(Entries provided begins)
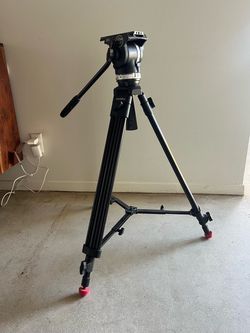 Sachtler Ace M fluid head tripod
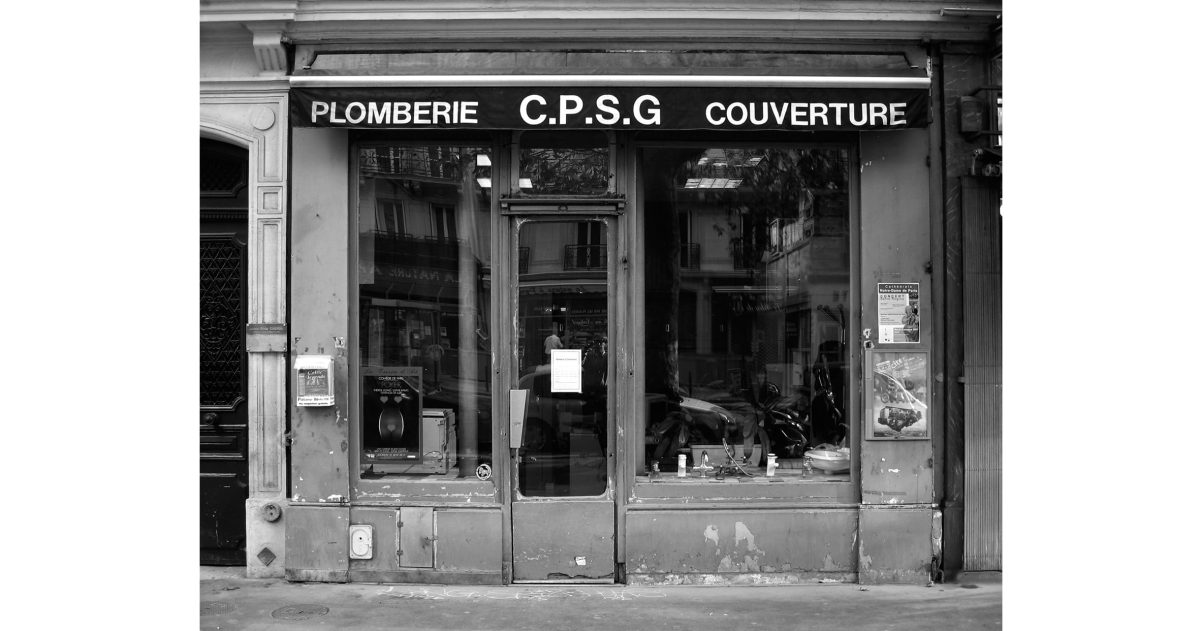 Rénovation complète du local et mise en place de l'identité visuelle en accord avec l'activité de la société. La mise en oeuvre d'un faux plafond lumineux cintré permet une visibilité exceptionnelle du show-room depuis le boulevard de jour comme de nuit.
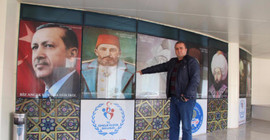 Atatürk fotoğrafı indi Abdülhamit'in fotoğrafı geldi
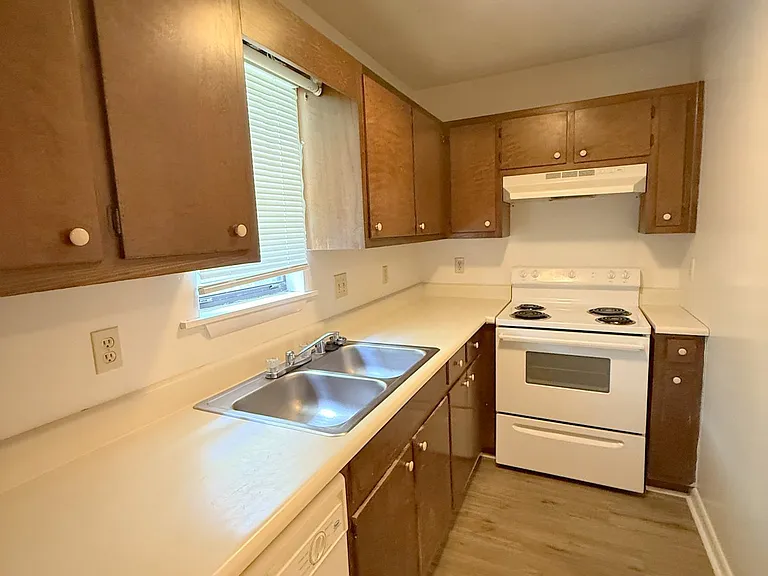116D Michael Ave — Photo 10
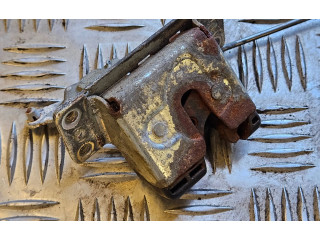 Zámek zadních dveří Opel Zafira A 2003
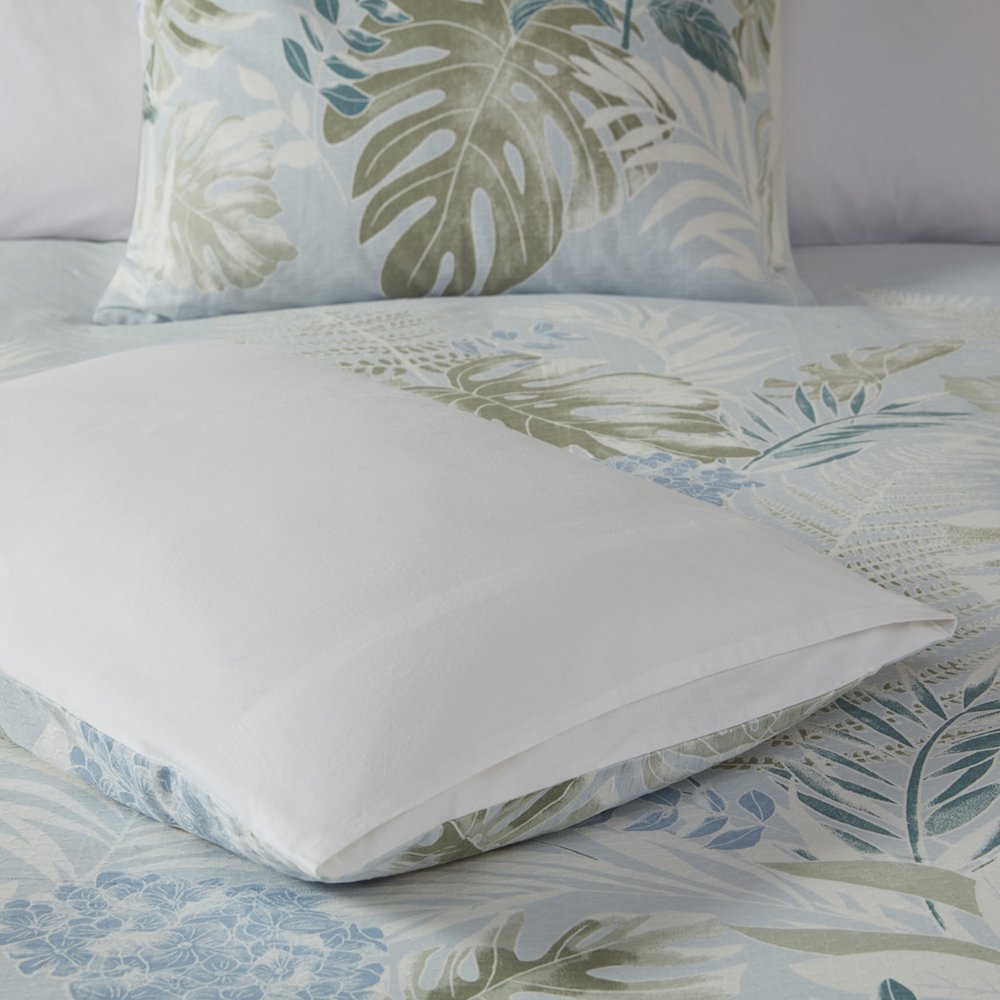 5 Piece Cotton Duvet Cover Set with Throw Pillow. Picture 5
(Entries provided ends)
§ Task requirements: What you write must match, line for line, the records from the line containing "Atatürk fotoğrafı indi" through the last line, with every picture left out.

§ Solution to this task:
 Atatürk fotoğrafı indi Abdülhamit'in fotoğrafı geldi
116D Michael Ave — Photo 10
 Zámek zadních dveří Opel Zafira A 2003
 5 Piece Cotton Duvet Cover Set with Throw Pillow. Picture 5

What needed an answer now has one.